A feature by Dr Sean Davies.
It is well known that the title prince of Wales is the birth-right of the king of England’s eldest son. It is also reasonably well known that English monarchs have seen this office as being within their prerogative to bestow since 1282. In that year, Edward I engineered the death of Llywelyn ap Gruffudd, the last native ruler to be recognised as prince of Wales by the English crown.
What is less well known is how and why Wales found itself as a principality rather than a kingdom.
The key date to consider is 1063, and the key man is Gruffudd ap Llywelyn, the last king of Wales and a ruler who came closer than any other to becoming the figure for Wales that Alfred is to the English, Charlemagne is to the French and Kenneth MacAlpin is to the Scots.

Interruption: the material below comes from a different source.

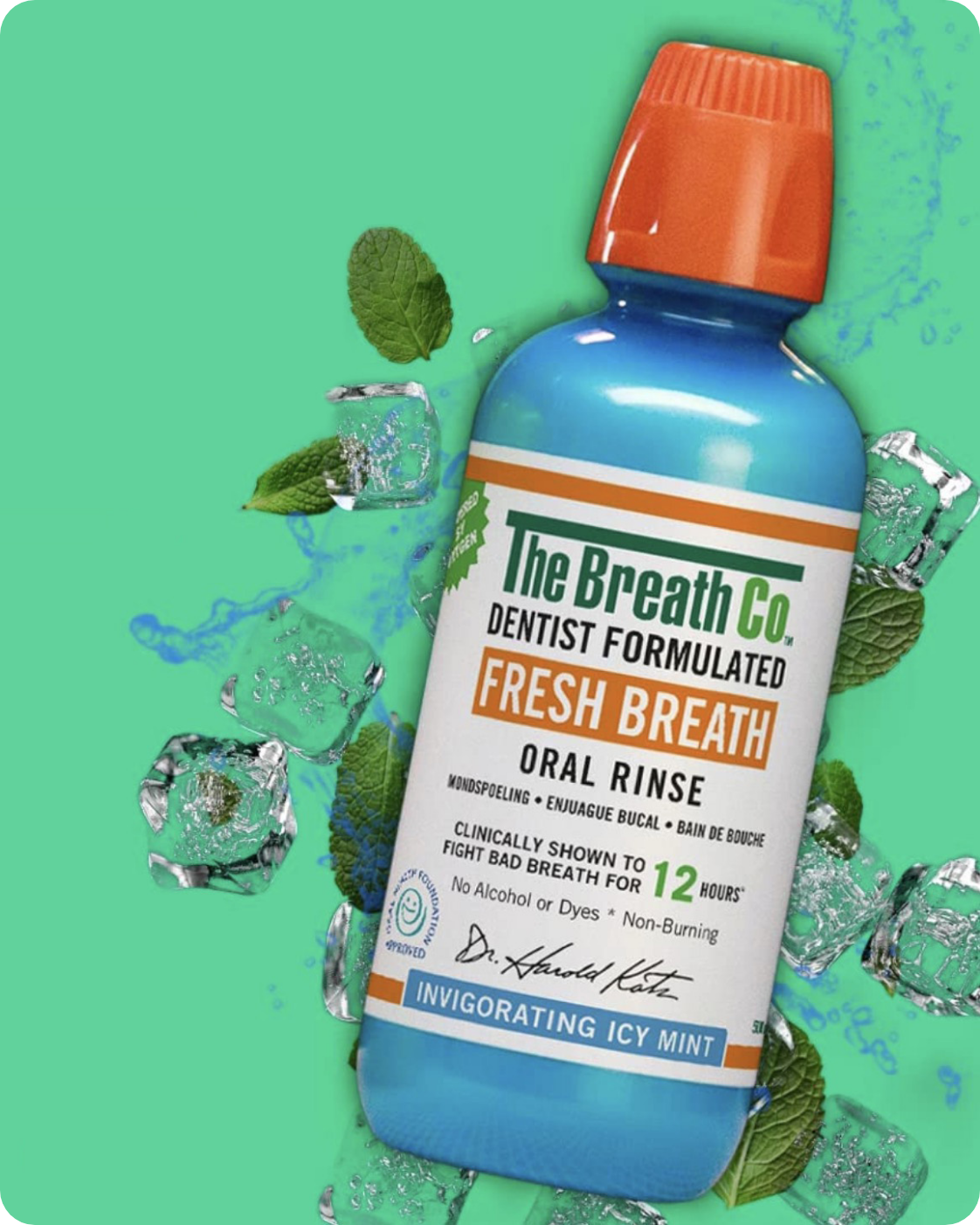 The Breath Co Fresh Breath Invigorating Icy Mint Mouthwash 500ml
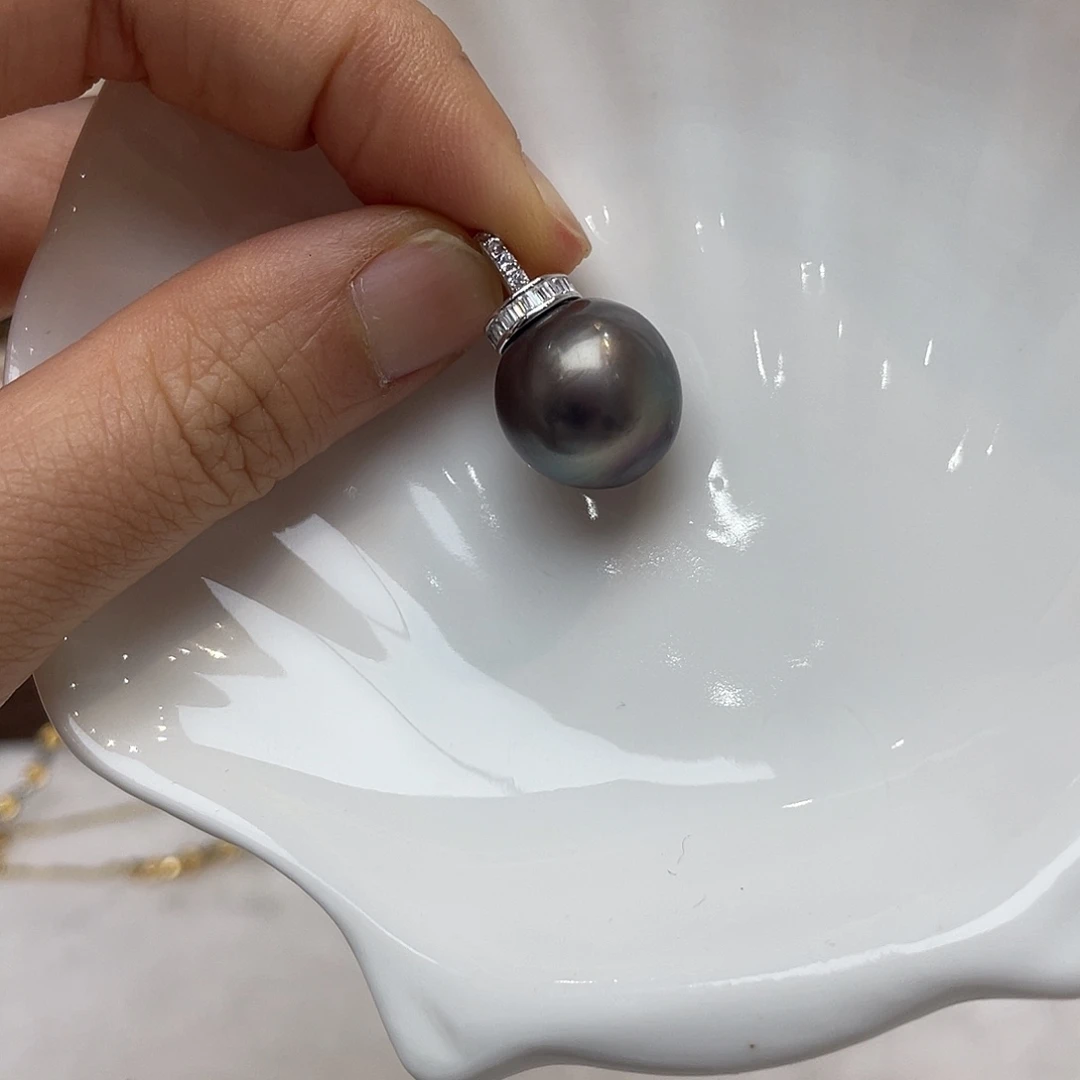 海水珍珠吊坠(不含链)银S925镶嵌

Post-Roman Wales had developed along lines that are comparable to the rest of post-Roman western Europe. The area had become territorially defined during the Roman era, the flexible groupings of kin lands that had developed in prehistoric times coalescing under the empire’s administration then emerging as kingdoms after the legions’ withdrawal. The leaders of those petty kingdoms vied with the early Anglo-Saxon warlords for land and power, but the realistic ambitions of ‘Welsh’ rulers for pan-British domination were brought to an end in the seventh century. With horizons narrowed, four major kingdoms emerged as the dominant entities within Wales: Powys, Gwynedd, Dyfed/Deheubarth and Glamorgan. Below these over-kingdoms there remained a large number of smaller entities, whose rulers clung to royal nomenclature with varying degrees of success.
There were many obstacles – both internal and external – to the formation of a single kingdom of Wales. But a distinct Welsh identity emerged at this time, reflected in language, law, religion, culture and mythology. A series of successful kings emerged who were able to project their power over large parts of the country as a whole, men such as Anarawd ap Rhodri Mawr, Hywel Dda, Maredudd ab Owain and Llywelyn ap Seisyll. The native chronicle labelled such men with the grandiloquent term ‘King of the Britons’.
Gruffudd, though, took things to an entirely new level. He united all the territories that comprise modern Wales, conquered land across the border that had been in English hands for centuries, forged alliances with key Anglo-Saxon dynasties and turned the Viking threat to his realm into a powerful weapon in his hands. In 1055, Gruffudd led a great army and fleet against the English border, crushing its defenders, burning Hereford and forcing Edward the Confessor to recognise his status as an under-king within the British Isles, leaving Wales as a united and independent state for the only time in its long history. Having emerged as a war leader, Gruffudd would also prove to be more, a patron of the arts and the church. He had the trappings of a king, including impressive wealth, courts throughout the country, professional ministers, a powerful household and a strong naval presence. At the height of his powers he was described by a native source in imperial terms as ‘King Gruffudd, sole and pre-eminent ruler of the British’.
His power did not sit well with many of the conquered localities of Wales, though, lands formerly ruled by men who still considered themselves kings. Such leaders found a formidable Anglo-Saxon ally in Harold Godwinesson, and their bloody campaign against Gruffudd ended with the king being betrayed and beheaded by his own countrymen. The leaders who had turned against Gruffudd agreed a humiliating submission of Wales to King Edward and Earl Harold. Then things got worse.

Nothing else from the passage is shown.